◆ WHAT YOU WILL DO
Return only the lines running from the top of the entries to the line with "Elegant Diner Set", inclusive, exactly as written.

Short web captions
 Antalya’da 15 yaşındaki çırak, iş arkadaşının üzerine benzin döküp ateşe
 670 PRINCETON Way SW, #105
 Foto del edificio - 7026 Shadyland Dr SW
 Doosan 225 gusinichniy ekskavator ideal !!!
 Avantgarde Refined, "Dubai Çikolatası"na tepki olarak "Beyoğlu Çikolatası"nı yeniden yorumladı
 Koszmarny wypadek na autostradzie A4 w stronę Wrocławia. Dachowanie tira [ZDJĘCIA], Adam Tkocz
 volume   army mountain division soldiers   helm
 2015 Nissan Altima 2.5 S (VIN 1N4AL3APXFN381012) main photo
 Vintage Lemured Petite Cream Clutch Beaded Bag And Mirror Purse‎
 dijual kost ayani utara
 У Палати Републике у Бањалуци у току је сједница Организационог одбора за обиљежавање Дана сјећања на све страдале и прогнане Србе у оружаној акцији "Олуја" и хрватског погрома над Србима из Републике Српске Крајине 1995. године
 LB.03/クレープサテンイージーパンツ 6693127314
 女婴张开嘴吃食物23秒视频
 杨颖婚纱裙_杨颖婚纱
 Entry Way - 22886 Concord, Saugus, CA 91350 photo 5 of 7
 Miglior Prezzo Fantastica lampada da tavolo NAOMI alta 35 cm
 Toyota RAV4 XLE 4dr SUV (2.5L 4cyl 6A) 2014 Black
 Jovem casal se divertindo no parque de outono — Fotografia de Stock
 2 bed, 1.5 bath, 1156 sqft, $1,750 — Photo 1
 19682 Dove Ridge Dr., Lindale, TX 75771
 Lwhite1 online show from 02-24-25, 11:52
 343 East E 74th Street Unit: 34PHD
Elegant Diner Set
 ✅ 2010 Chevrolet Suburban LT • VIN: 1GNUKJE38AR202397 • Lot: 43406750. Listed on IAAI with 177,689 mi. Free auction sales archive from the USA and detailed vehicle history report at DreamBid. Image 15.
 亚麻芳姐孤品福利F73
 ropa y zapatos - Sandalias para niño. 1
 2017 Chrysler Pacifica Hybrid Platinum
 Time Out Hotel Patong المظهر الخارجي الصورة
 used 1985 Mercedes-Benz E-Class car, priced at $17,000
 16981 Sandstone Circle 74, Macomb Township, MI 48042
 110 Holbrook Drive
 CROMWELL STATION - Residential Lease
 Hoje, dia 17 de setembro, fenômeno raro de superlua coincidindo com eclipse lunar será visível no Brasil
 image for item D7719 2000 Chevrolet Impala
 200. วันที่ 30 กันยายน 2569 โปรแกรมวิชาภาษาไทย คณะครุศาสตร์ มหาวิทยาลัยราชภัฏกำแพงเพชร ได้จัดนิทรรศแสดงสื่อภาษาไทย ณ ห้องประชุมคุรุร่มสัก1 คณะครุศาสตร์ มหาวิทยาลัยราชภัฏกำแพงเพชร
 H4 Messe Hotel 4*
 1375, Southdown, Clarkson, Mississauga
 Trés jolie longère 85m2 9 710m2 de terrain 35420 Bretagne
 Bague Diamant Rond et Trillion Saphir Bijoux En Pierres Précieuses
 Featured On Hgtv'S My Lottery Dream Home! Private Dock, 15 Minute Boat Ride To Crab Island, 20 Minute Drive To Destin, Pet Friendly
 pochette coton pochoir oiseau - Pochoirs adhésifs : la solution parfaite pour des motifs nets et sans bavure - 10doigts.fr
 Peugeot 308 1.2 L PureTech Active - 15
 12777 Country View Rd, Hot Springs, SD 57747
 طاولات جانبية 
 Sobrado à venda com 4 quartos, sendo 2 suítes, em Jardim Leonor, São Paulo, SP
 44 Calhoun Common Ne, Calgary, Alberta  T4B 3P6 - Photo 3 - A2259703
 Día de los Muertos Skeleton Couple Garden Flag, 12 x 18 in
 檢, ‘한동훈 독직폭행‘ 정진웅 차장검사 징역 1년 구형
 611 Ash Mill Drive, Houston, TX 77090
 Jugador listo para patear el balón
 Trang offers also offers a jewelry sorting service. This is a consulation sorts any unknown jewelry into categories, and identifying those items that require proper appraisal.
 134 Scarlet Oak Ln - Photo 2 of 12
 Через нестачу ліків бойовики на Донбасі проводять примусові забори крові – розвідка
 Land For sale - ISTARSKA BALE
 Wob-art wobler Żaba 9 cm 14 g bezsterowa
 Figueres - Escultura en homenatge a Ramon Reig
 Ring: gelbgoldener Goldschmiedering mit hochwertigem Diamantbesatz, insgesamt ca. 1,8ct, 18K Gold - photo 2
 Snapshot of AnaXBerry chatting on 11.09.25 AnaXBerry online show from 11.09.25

◆ OUTPUT FOR THIS EXERCISE
 Antalya’da 15 yaşındaki çırak, iş arkadaşının üzerine benzin döküp ateşe
 670 PRINCETON Way SW, #105
 Foto del edificio - 7026 Shadyland Dr SW
 Doosan 225 gusinichniy ekskavator ideal !!!
 Avantgarde Refined, "Dubai Çikolatası"na tepki olarak "Beyoğlu Çikolatası"nı yeniden yorumladı
 Koszmarny wypadek na autostradzie A4 w stronę Wrocławia. Dachowanie tira [ZDJĘCIA], Adam Tkocz
 volume   army mountain division soldiers   helm
 2015 Nissan Altima 2.5 S (VIN 1N4AL3APXFN381012) main photo
 Vintage Lemured Petite Cream Clutch Beaded Bag And Mirror Purse‎
 dijual kost ayani utara
 У Палати Републике у Бањалуци у току је сједница Организационог одбора за обиљежавање Дана сјећања на све страдале и прогнане Србе у оружаној акцији "Олуја" и хрватског погрома над Србима из Републике Српске Крајине 1995. године
 LB.03/クレープサテンイージーパンツ 6693127314
 女婴张开嘴吃食物23秒视频
 杨颖婚纱裙_杨颖婚纱
 Entry Way - 22886 Concord, Saugus, CA 91350 photo 5 of 7
 Miglior Prezzo Fantastica lampada da tavolo NAOMI alta 35 cm
 Toyota RAV4 XLE 4dr SUV (2.5L 4cyl 6A) 2014 Black
 Jovem casal se divertindo no parque de outono — Fotografia de Stock
 2 bed, 1.5 bath, 1156 sqft, $1,750 — Photo 1
 19682 Dove Ridge Dr., Lindale, TX 75771
 Lwhite1 online show from 02-24-25, 11:52
 343 East E 74th Street Unit: 34PHD
Elegant Diner Set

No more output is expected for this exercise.